■ **What you are asked to do**: What must be written out is each line from the one holding "În Times Square" through the end of the records, word for word, minus any pictures.

■ **Data for review**:

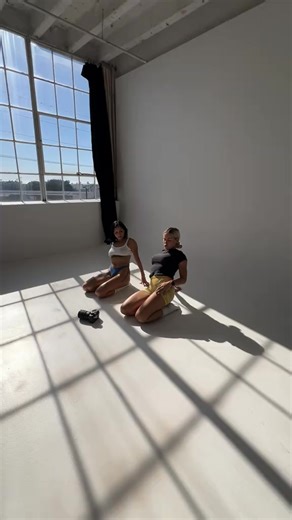 #photographerlosangeles #naturallightphotography #bts #photoshoot #tiktokviral #photoshootideas #fitness #fitnessphotographer #fyp | Byguznenkova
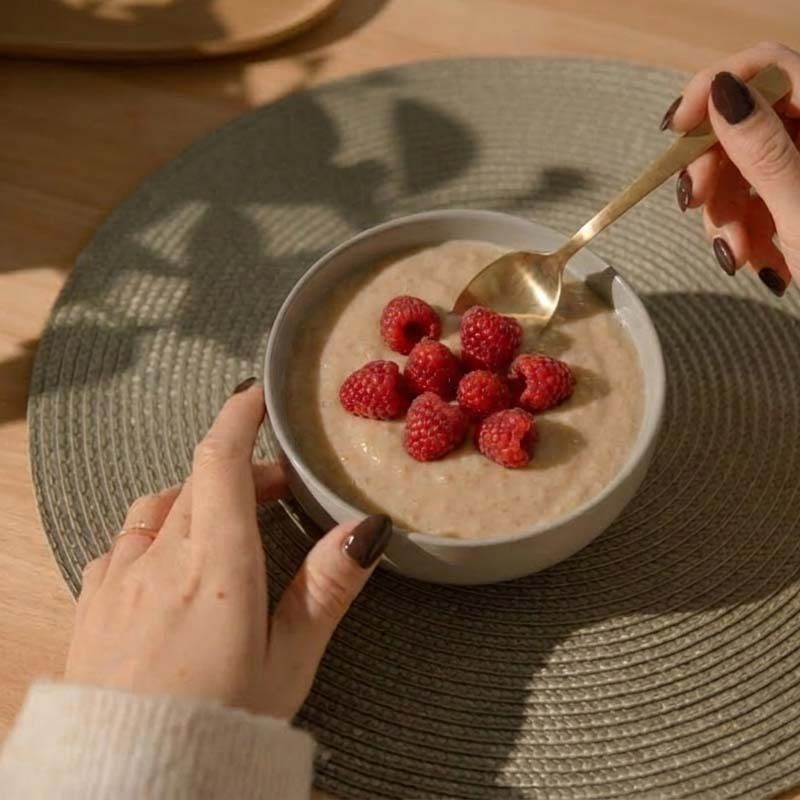 Ciotola con nu3 Vegan Protein Rice Pudding e lamponi.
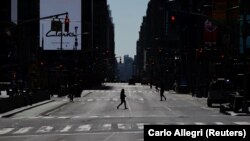 În Times Square pe timpul pandemiei de coronavirus, 26 martie 2020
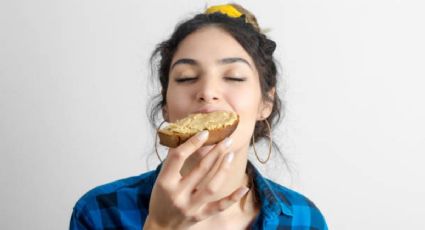 Así puedes preparar el pan semidulce de mantequilla de cacahuete que es viral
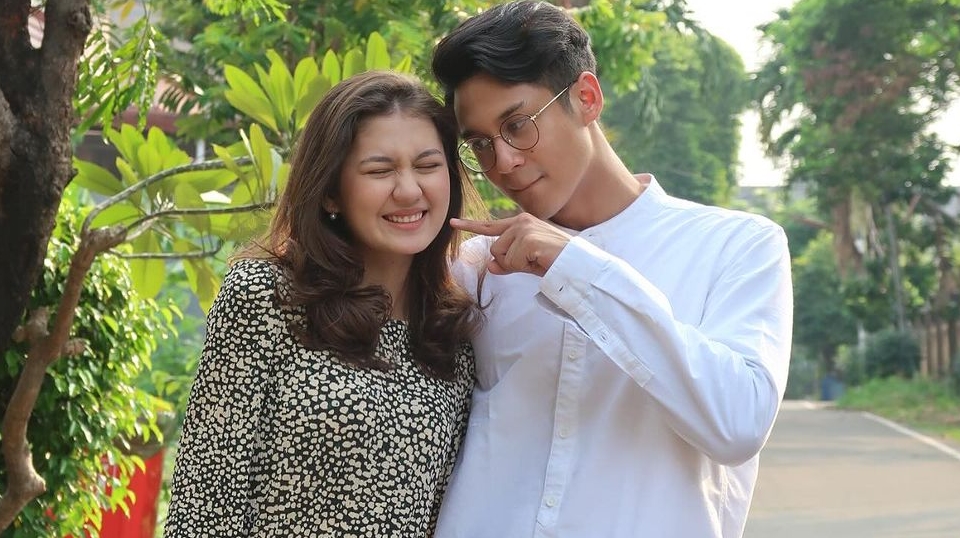 Kado Saham dari Antonio Blanco Jr. untuk Zoe Abbas Viral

■ **Final answer**:
 În Times Square pe timpul pandemiei de coronavirus, 26 martie 2020
 Así puedes preparar el pan semidulce de mantequilla de cacahuete que es viral
 Kado Saham dari Antonio Blanco Jr. untuk Zoe Abbas Viral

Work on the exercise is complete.